Vous n’êtes pas nombreux à professer ces analyses dans vos pays…

B. B. D. : Nous ne sommes pas seuls, mais les autres voix discordantes n’ont pas autant de relais que les nôtres. Elles sont généralement contrôlées et n’appartiennent pas au cercle des décideurs politiques ou économiques.

A. T. : Les élites sont muettes parce qu’elles croient aux vertus du marché : pour gagner en compétitivité, il faut ouvrir nos pays aux investissements étrangers, et c’est pour les protéger que l’on part en guerre, voilà la logique ! Chez nous aussi on occulte le débat sur ces réalités nouvelles et graves, pour masquer la faillite lamentable des politiques économiques suivies scrupuleusement depuis trente ans par notre pays – le meilleur élève de la sous-région pour le FMI, la Banque mondiale et l’Union européenne. Résultat : la mise sous tutelle militaire et politique du Mali ! L’horreur absolue, c’est d’entendre nos élites juger « normal » que les entreprises françaises soient prioritaires sur nos marchés, puisque la France nous a libérés… Ce modèle en faillite, que l’on veut remettre en selle, il faut le questionner.

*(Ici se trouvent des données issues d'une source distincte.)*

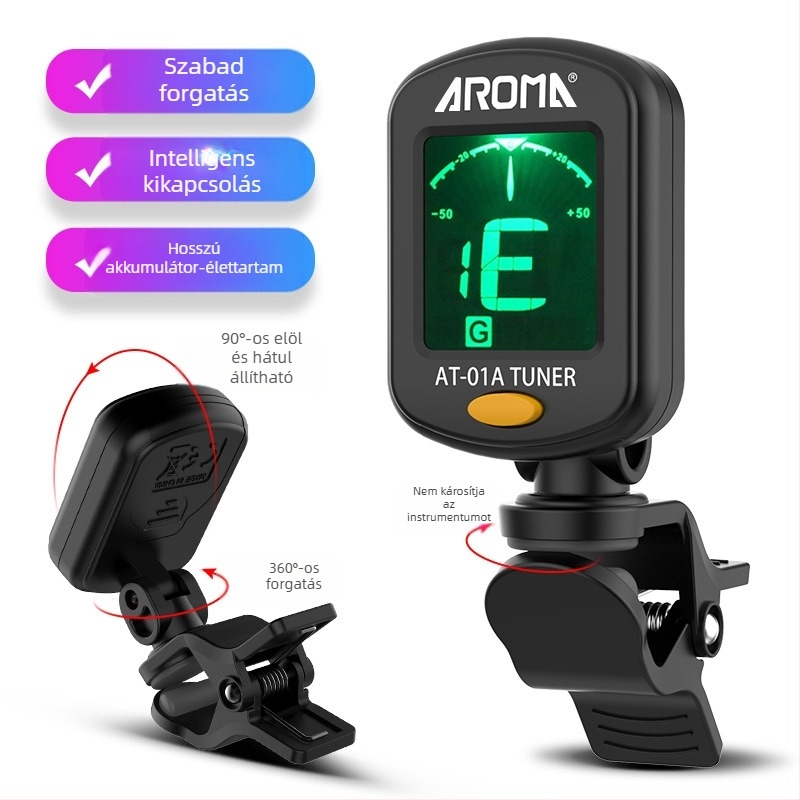 Arnoma AT-01A Univerzális elektronikus hangoló metronommal gitárhoz, ukulelehez és hegedűhöz, változó tónus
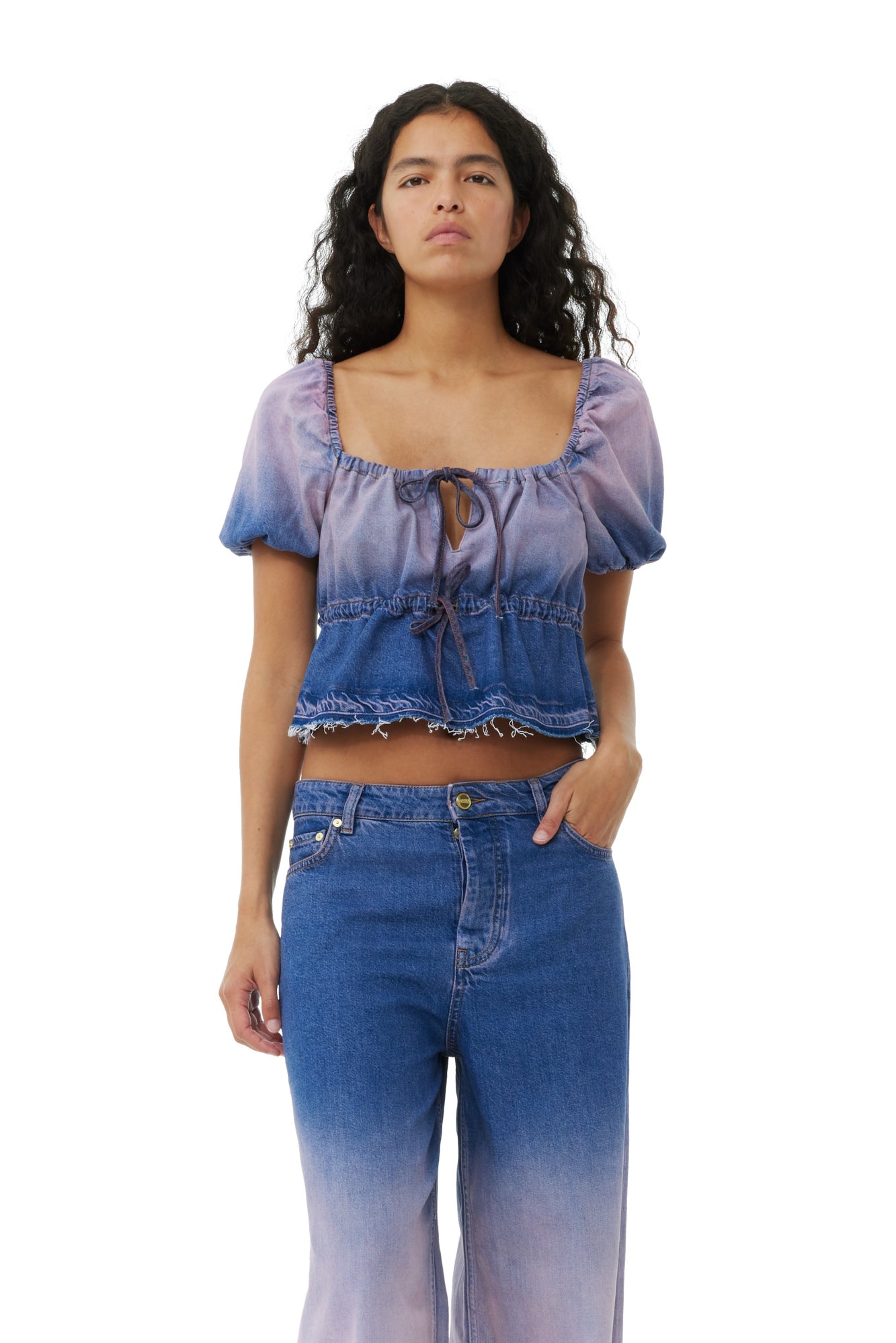Bleach Future Denim Puff Sleeve Top | Bleach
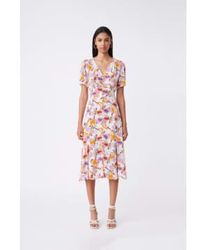 Suncoo - Caitlin Floral Print Midi Dress - Lyst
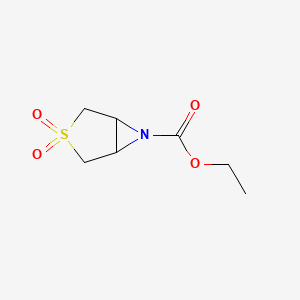 molecular formula C7H11NO4S B14676562 Ethyl 3,3-dioxo-3lambda6-thia-6-azabicyclo[3.1.0]hexane-6-carboxylate CAS No. 34106-68-8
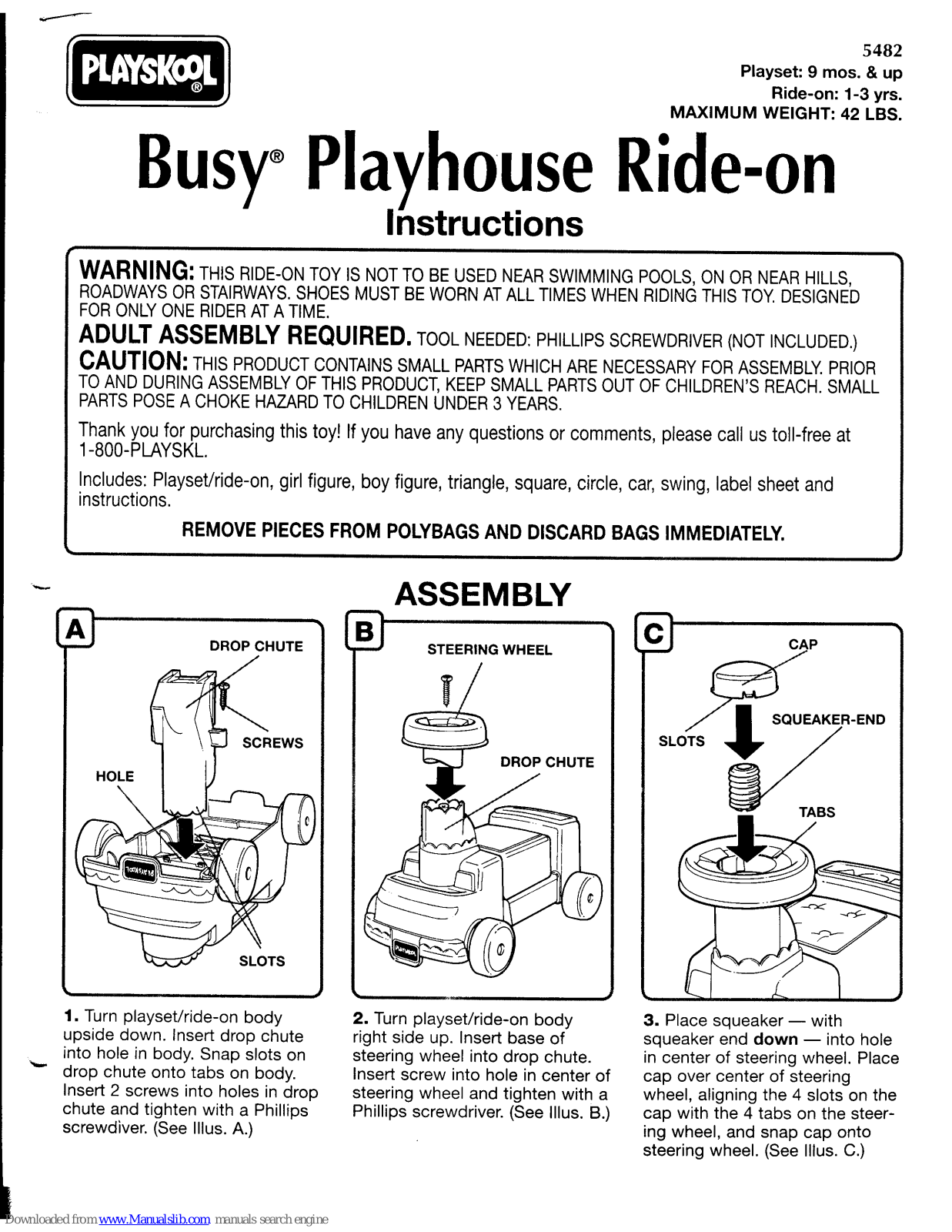 Playskool Busy Playhouse Ride-On 5482 Instructions Manual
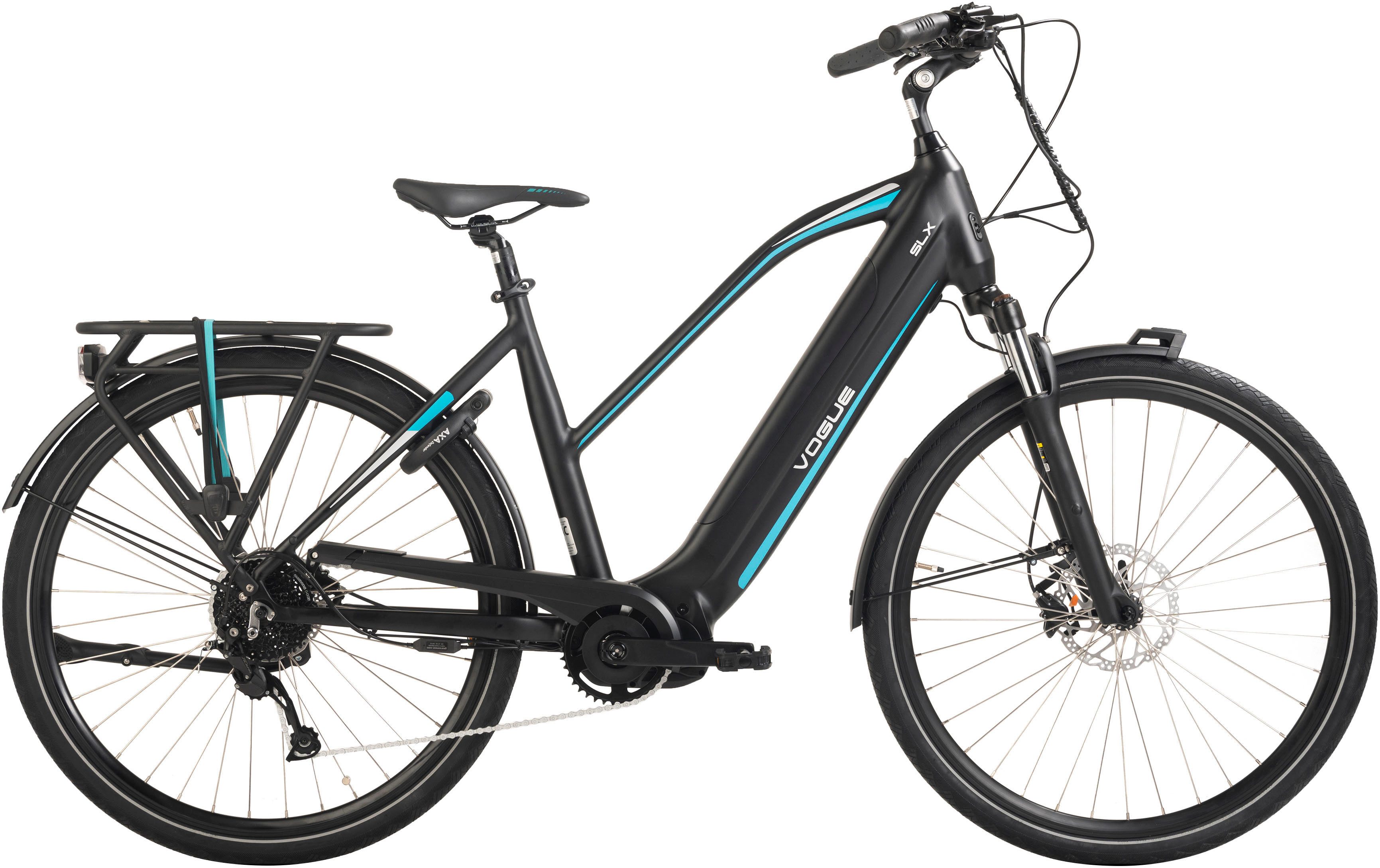 VOGUE BIKE E-Bike Cityrad SLX, 9 Gang Shimano Alivio Schaltwerk, Kettenschaltung, Mittelmotor, 522 Wh, Pedelec, Elektrofahrrad für Damen u. Herren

B. B. D. : Le mimétisme économique commence par le mimétisme culturel dans lequel se complaisent nos élites depuis l’époque coloniale. Et cela perdure avec la francophonie. Moi, je défends les langues de mon pays et je me l’entends reprocher en permanence : « Mais qu’as-tu donc contre le français ? » Quand on contrôle les esprits, on contrôle l’espace politique, donc l’économie.